Let's say we have two devices, one running ``eos`` and another one running ``junos``. A typical
script could start like this::

    from napalm import get_network_driver
    import pprint
    
    eos_driver = get_network_driver("eos")
    eos_config = {
        "hostname": "localhost",
        "username": "vagrant",
        "password": "vagrant",
        "optional_args": {"port": 12443},
    }
    
    junos_driver = get_network_driver("junos")
    junos_config = {
        "hostname": "localhost",
        "username": "vagrant",
        "password": "",
        "optional_args": {"port": 12203},
    }

Now, let's validate that the devices are running a specific version and that the management IP is
the one we expect. Let's start by writing the validator files.

 * ``validate-eos.yml``::

    ---
    - get_facts:
        os_version: 4.17
    
    - get_interfaces_ip:
        Management1:
            ipv4:
                10.0.2.14:
                    prefix_length: 24
                _mode: strict

 * ``validate-junos.yml``::

    ---
    - get_facts:
        os_version: 12.1X47
    
    - get_interfaces_ip:
        ge-0/0/0.0:
            ipv4:
                10.0.2.15:
                    prefix_length: 24
                _mode: strict

.. note:: You can use regular expressions to validate values.

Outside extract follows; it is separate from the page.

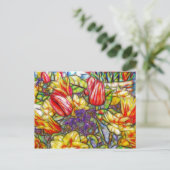 Tulips und Daffodische Kunst Postkarte (Stehend Vorderseite)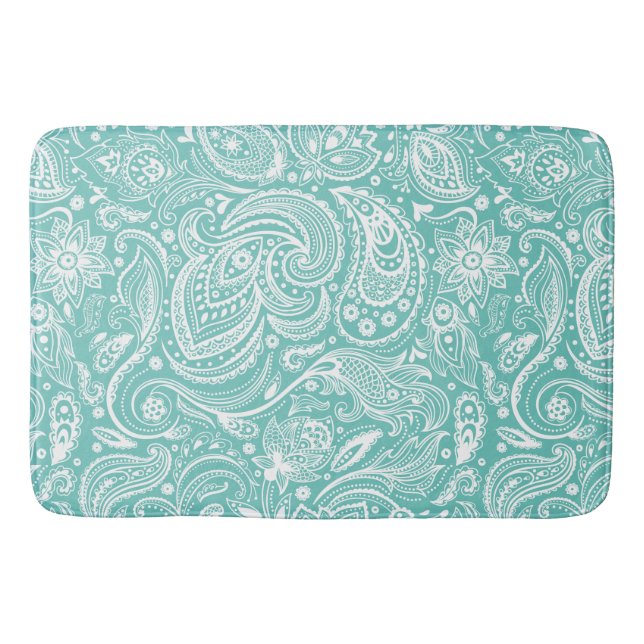 Weiß und Türkisblau Floral Paisley Lace Muster Badematte (Vorderseite)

As you can see we are validating that the OS running is the one we want and that the management
interfaces have only the IP we expect it to have. Now we can validate the devices like this::

    >>> with eos_driver(**eos_config) as eos:
    ...     pprint.pprint(eos.compliance_report("validate-eos.yml"))
    ...
    {u'complies': False,
     u'skipped': [],
     'get_facts': {u'complies': False,
                   u'extra': [],
                   u'missing': [],
                   u'present': {'os_version': {u'actual_value': u'4.15.2.1F-2759627.41521F',
                                               u'complies': False,
                                               u'nested': False}}},
     'get_interfaces_ip': {u'complies': True,
                           u'extra': [],
                           u'missing': [],
                           u'present': {'Management1': {u'complies': True,
                                                        u'nested': True}}}}

Let's take a look first to the report. The first thing we have to note is the first key
``complies`` which is telling us that overall, the device is not compliant. Now we can dig in on
the rest of the report. The ``get_interfaces_ip`` part seems to be complying just fine, however,
the ``get_facts`` is complaining about something. If we keep digging we will see that the
``os_version`` key we were looking for is present but it's not complying as its actual value
is not the one we specified; it is ``4.15.2.1F-2759627.41521F``.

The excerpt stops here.